• _About this task_
Return, exactly as written, the line containing "FLORIDA PANTHER -TOTE BAG" and every line after it to the end of the records below, with no pictures.

Records drawn from a dataset

--------------------

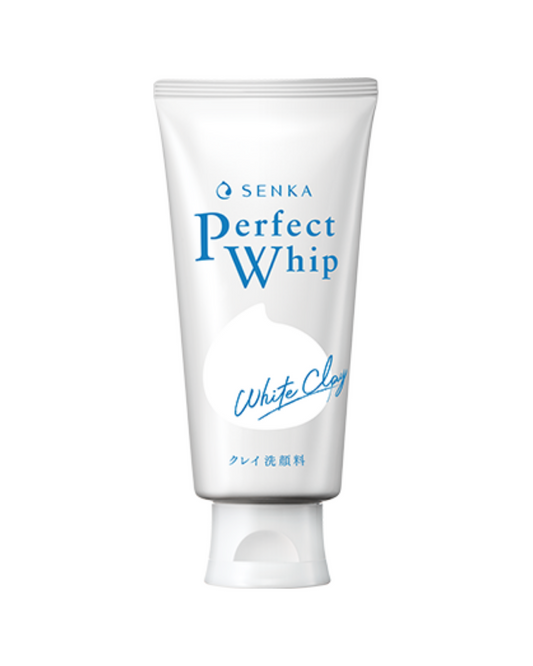 Shiseido Senka Perfect White Clay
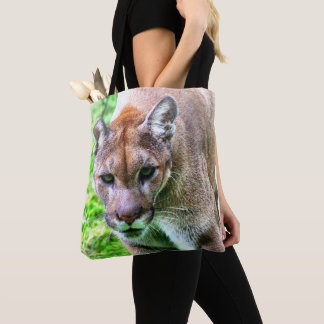 FLORIDA PANTHER -TOTE BAG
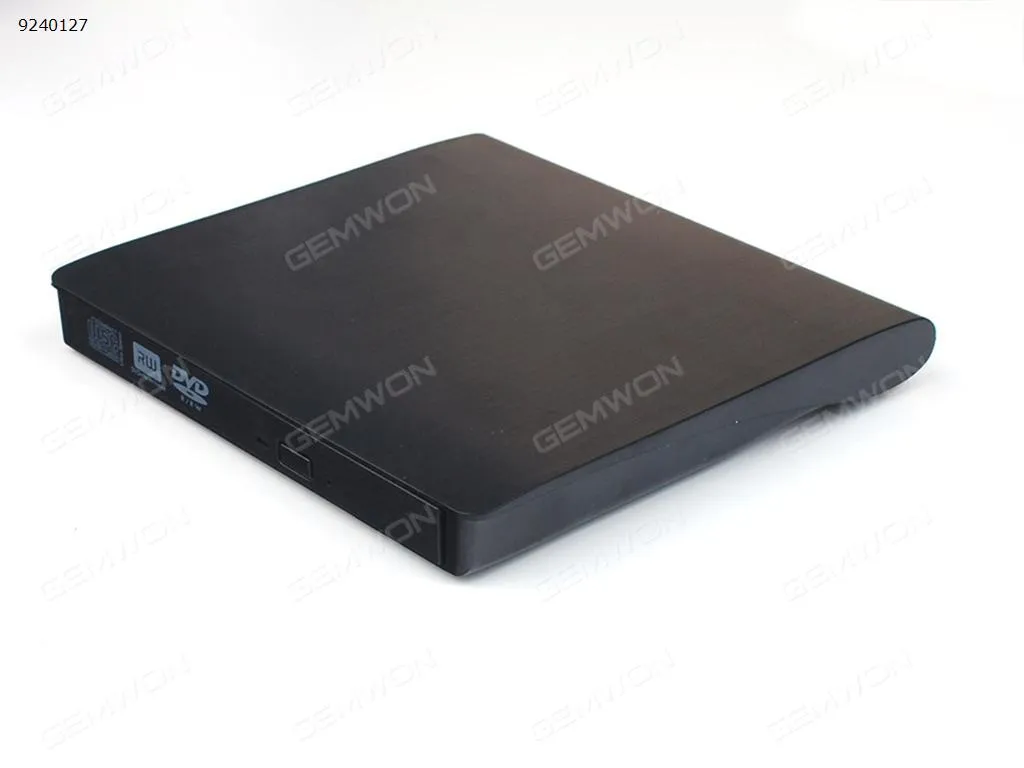 Picture of POP-UP MOBILE EXTERMAL /DVD-RW SATA HDD   3.0 USB 12.7mm cover Black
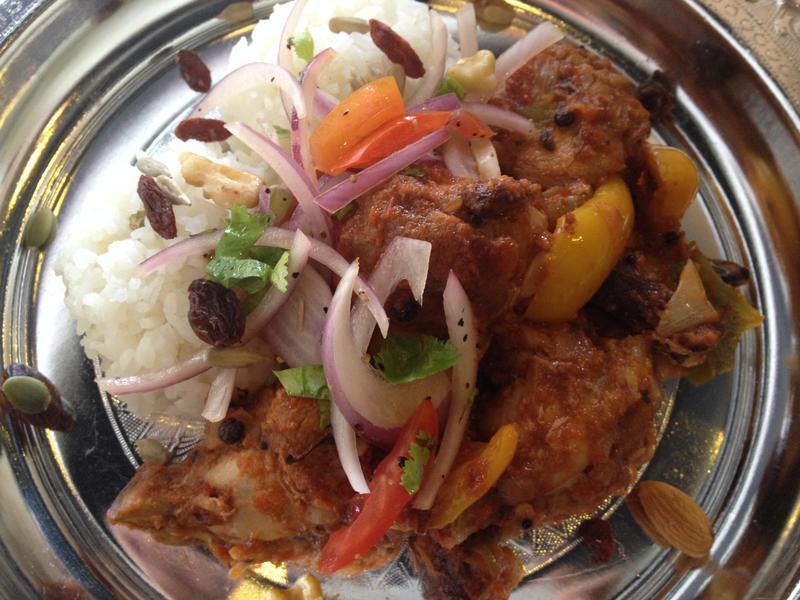 Chili Chicken�����𽷿�����������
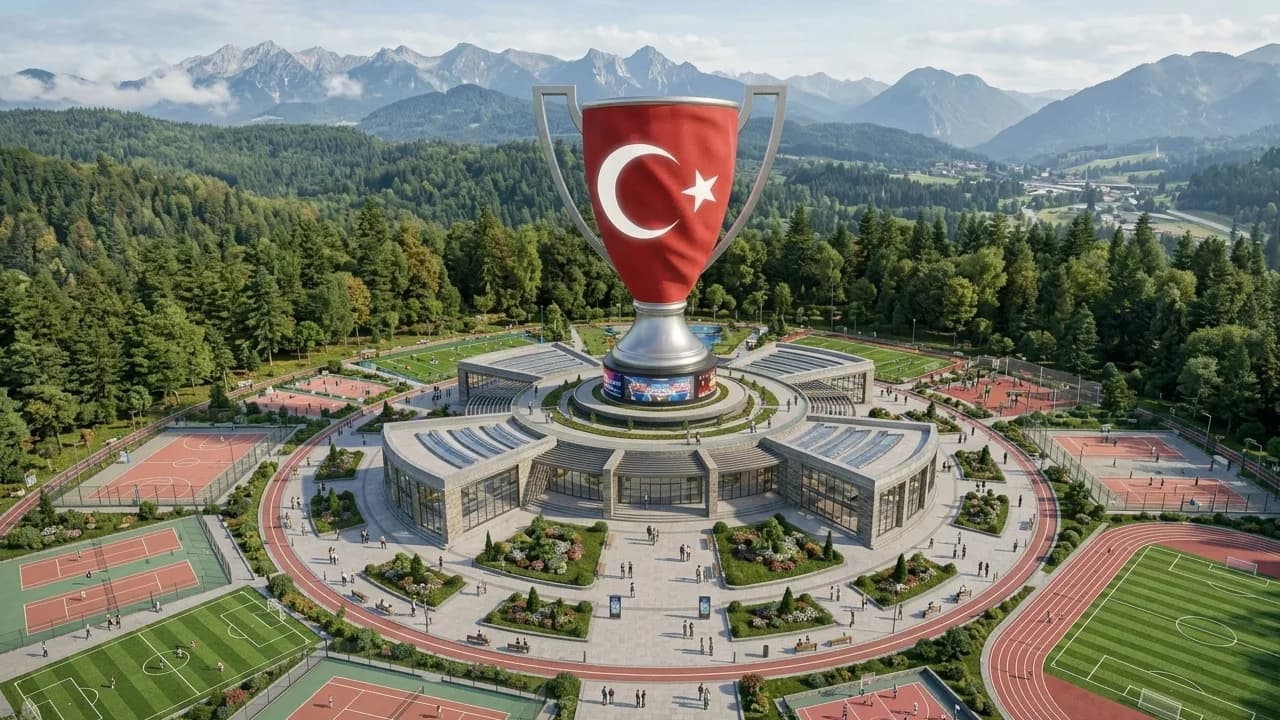 Derince İçin Bir Spor Vizyonu: Hayalden Tasarıma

--------------------

• _Expected answer_
 FLORIDA PANTHER -TOTE BAG
 Picture of POP-UP MOBILE EXTERMAL /DVD-RW SATA HDD   3.0 USB 12.7mm cover Black
 Chili Chicken�����𽷿�����������
 Derince İçin Bir Spor Vizyonu: Hayalden Tasarıma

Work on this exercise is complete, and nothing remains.